Média : les multinationales veulent mener la danse
À 71 ans, Maurice Lévy, l’inamovible PDG de Publicis, a fait du développement de son groupe en Afrique l’un de ses derniers objectifs avant de céder son fauteuil. En septembre 2012, l’entreprise a annoncé sa réorganisation sur le continent avec la création de trois hubs au Kenya, en Afrique du Sud et au Ghana. Dans la zone francophone, le numéro trois mondial de la com a parallèlement officialisé son association avec le réseau AG Partners pour la représentation des trois entités internationales du groupe, Publicis Worldwide, Leo Burnett et Saatchi & Saatchi. « Le temps de l’Afrique est venu, nous observons des signaux constants de croissance positive et d’investissements importants de la part de nos clients internationaux, et ce dans tous les secteurs. C’est la raison de notre action simultanée sur tout le continent », a déclaré Kevin Tromp, patron de Publicis Africa Group.

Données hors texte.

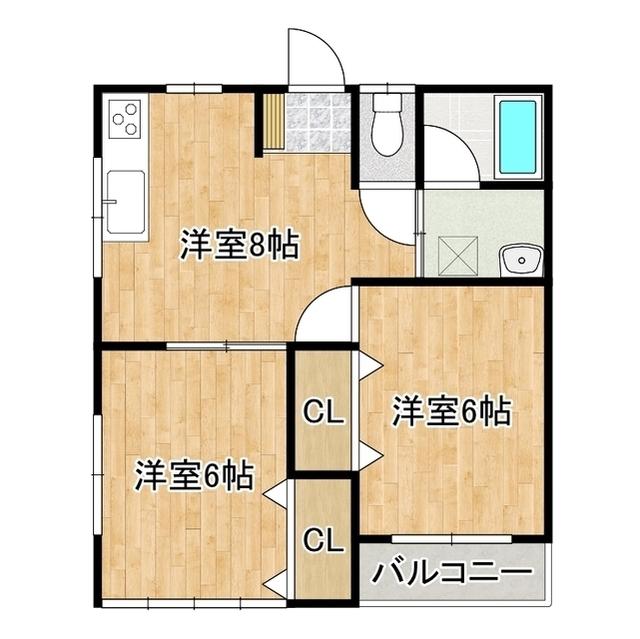 セゾンNAOI(2DK/1階)の間取り写真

Une analyse partagée par d’autres grands réseaux mondiaux comme BBDO, qui a ouvert fin 2011 et mi-2012 des bureaux au Nigeria puis au Kenya, et est déjà annoncé par certains observateurs en Côte d’Ivoire. « Le potentiel du continent ne peut être ignoré », expliquait Chris Thomas, PDG de BBDO pour l’Asie, le Moyen-Orient et l’Afrique, lors de l’inauguration de ses locaux à Lagos. Selon Guillaume Pierre, de Canal France International, si le marché publicitaire représente actuellement 0,5 % du PIB dans les pays subsahariens – contre 1,5 % en France -, il offre de formidables perspectives de croissance. Entre 2012 et 2015, on attend par exemple une hausse des investissements de 27 % en RD Congo, l’un des marchés les plus recherchés d’Afrique centrale.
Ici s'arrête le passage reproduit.